[Stored data entries]

[Start of Attachment]

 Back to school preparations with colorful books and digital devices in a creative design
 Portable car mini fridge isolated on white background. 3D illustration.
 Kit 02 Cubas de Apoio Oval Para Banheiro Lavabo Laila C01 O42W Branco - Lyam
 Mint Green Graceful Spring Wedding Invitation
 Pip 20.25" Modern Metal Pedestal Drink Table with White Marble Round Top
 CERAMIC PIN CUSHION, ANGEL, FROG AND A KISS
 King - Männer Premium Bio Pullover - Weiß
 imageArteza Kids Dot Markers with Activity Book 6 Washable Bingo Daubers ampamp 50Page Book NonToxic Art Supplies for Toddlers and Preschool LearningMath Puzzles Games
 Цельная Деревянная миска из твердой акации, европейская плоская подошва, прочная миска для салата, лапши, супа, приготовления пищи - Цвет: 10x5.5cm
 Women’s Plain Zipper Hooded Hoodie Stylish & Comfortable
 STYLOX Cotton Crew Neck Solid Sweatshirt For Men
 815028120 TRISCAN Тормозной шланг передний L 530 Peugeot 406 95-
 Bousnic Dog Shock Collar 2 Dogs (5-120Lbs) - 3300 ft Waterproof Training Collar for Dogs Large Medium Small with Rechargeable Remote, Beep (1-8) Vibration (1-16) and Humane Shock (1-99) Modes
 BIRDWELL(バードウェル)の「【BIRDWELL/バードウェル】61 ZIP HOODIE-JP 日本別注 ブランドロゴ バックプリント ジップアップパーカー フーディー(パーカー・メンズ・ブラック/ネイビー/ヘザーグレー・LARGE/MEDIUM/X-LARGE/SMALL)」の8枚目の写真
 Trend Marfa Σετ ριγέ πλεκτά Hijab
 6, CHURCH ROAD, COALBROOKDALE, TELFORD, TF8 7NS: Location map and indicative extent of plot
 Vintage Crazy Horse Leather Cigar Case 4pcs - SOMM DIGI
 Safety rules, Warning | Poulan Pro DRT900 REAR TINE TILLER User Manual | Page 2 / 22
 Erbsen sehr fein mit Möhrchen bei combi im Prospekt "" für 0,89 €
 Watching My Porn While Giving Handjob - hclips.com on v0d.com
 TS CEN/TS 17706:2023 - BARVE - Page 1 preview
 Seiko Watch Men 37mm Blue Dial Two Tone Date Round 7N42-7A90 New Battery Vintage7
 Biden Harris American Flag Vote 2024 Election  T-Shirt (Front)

[End of Attachment]

▸ BRIEF:
Each line of the data must come back exactly as written.

▸ ANSWER TO THE EXERCISE:
 Back to school preparations with colorful books and digital devices in a creative design
 Portable car mini fridge isolated on white background. 3D illustration.
 Kit 02 Cubas de Apoio Oval Para Banheiro Lavabo Laila C01 O42W Branco - Lyam
 Mint Green Graceful Spring Wedding Invitation
 Pip 20.25" Modern Metal Pedestal Drink Table with White Marble Round Top
 CERAMIC PIN CUSHION, ANGEL, FROG AND A KISS
 King - Männer Premium Bio Pullover - Weiß
 imageArteza Kids Dot Markers with Activity Book 6 Washable Bingo Daubers ampamp 50Page Book NonToxic Art Supplies for Toddlers and Preschool LearningMath Puzzles Games
 Цельная Деревянная миска из твердой акации, европейская плоская подошва, прочная миска для салата, лапши, супа, приготовления пищи - Цвет: 10x5.5cm
 Women’s Plain Zipper Hooded Hoodie Stylish & Comfortable
 STYLOX Cotton Crew Neck Solid Sweatshirt For Men
 815028120 TRISCAN Тормозной шланг передний L 530 Peugeot 406 95-
 Bousnic Dog Shock Collar 2 Dogs (5-120Lbs) - 3300 ft Waterproof Training Collar for Dogs Large Medium Small with Rechargeable Remote, Beep (1-8) Vibration (1-16) and Humane Shock (1-99) Modes
 BIRDWELL(バードウェル)の「【BIRDWELL/バードウェル】61 ZIP HOODIE-JP 日本別注 ブランドロゴ バックプリント ジップアップパーカー フーディー(パーカー・メンズ・ブラック/ネイビー/ヘザーグレー・LARGE/MEDIUM/X-LARGE/SMALL)」の8枚目の写真
 Trend Marfa Σετ ριγέ πλεκτά Hijab
 6, CHURCH ROAD, COALBROOKDALE, TELFORD, TF8 7NS: Location map and indicative extent of plot
 Vintage Crazy Horse Leather Cigar Case 4pcs - SOMM DIGI
 Safety rules, Warning | Poulan Pro DRT900 REAR TINE TILLER User Manual | Page 2 / 22
 Erbsen sehr fein mit Möhrchen bei combi im Prospekt "" für 0,89 €
 Watching My Porn While Giving Handjob - hclips.com on v0d.com
 TS CEN/TS 17706:2023 - BARVE - Page 1 preview
 Seiko Watch Men 37mm Blue Dial Two Tone Date Round 7N42-7A90 New Battery Vintage7
 Biden Harris American Flag Vote 2024 Election  T-Shirt (Front)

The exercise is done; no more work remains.